• _Data for the task_:
____________
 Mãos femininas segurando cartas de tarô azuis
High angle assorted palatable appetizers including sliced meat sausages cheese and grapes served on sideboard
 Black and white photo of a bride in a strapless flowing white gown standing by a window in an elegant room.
____________
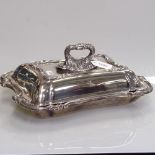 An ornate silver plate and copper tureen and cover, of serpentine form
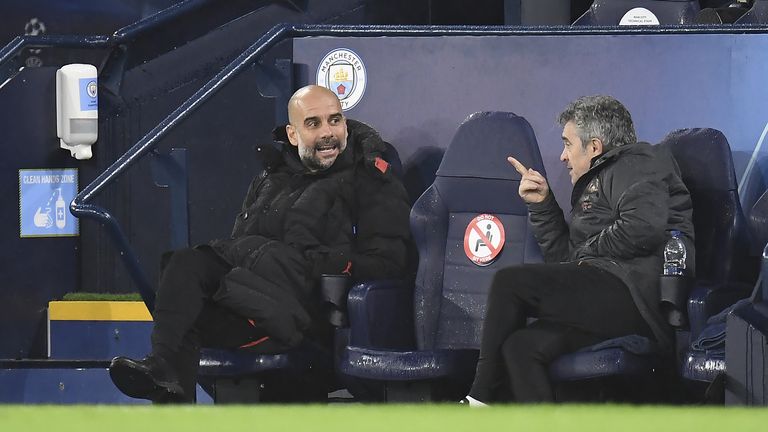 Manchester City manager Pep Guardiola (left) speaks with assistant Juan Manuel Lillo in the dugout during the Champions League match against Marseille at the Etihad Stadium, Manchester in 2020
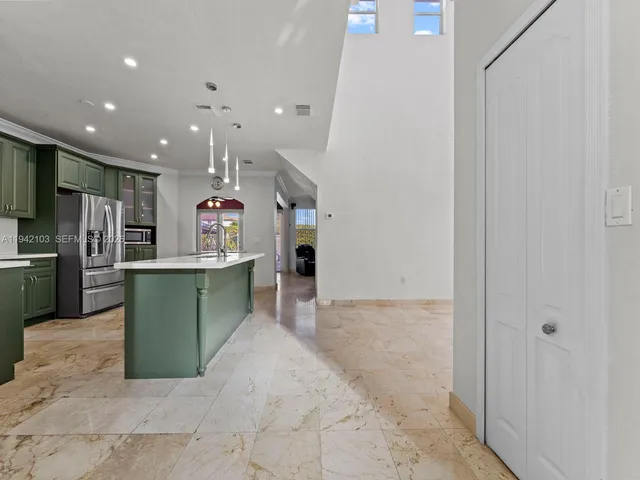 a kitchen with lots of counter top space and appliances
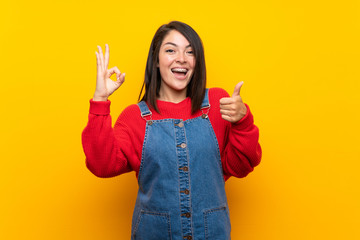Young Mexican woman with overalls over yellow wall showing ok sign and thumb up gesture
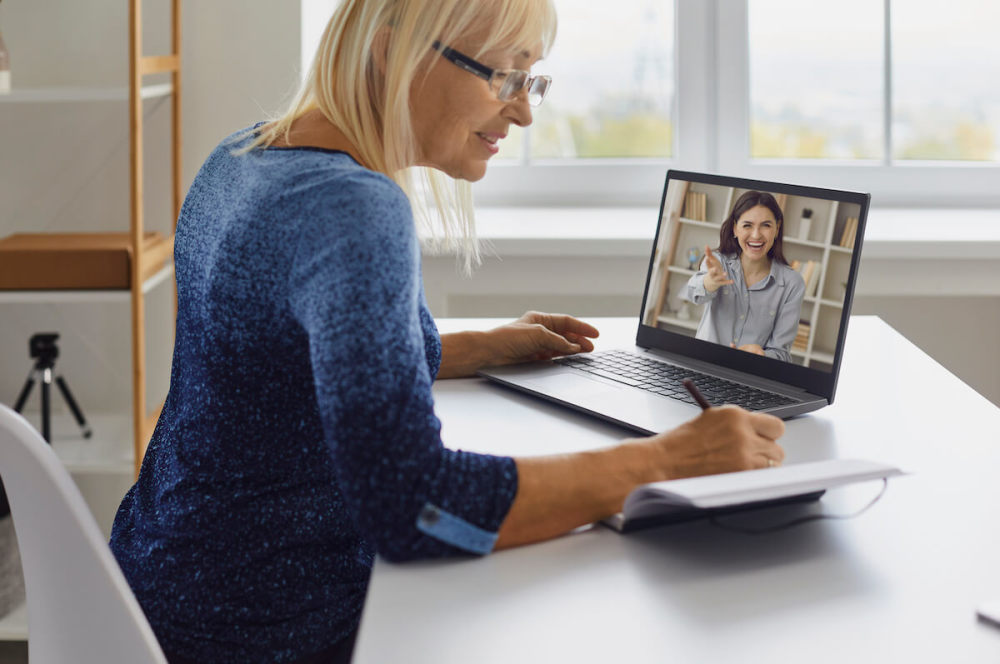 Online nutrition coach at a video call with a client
____________
• _Directions_:
Looking at the entries above, can you reproduce exactly the lines from the one that holds "High angle assorted" through the one that holds "Black and white", and only those?

• _Answer area_:
High angle assorted palatable appetizers including sliced meat sausages cheese and grapes served on sideboard
 Black and white photo of a bride in a strapless flowing white gown standing by a window in an elegant room.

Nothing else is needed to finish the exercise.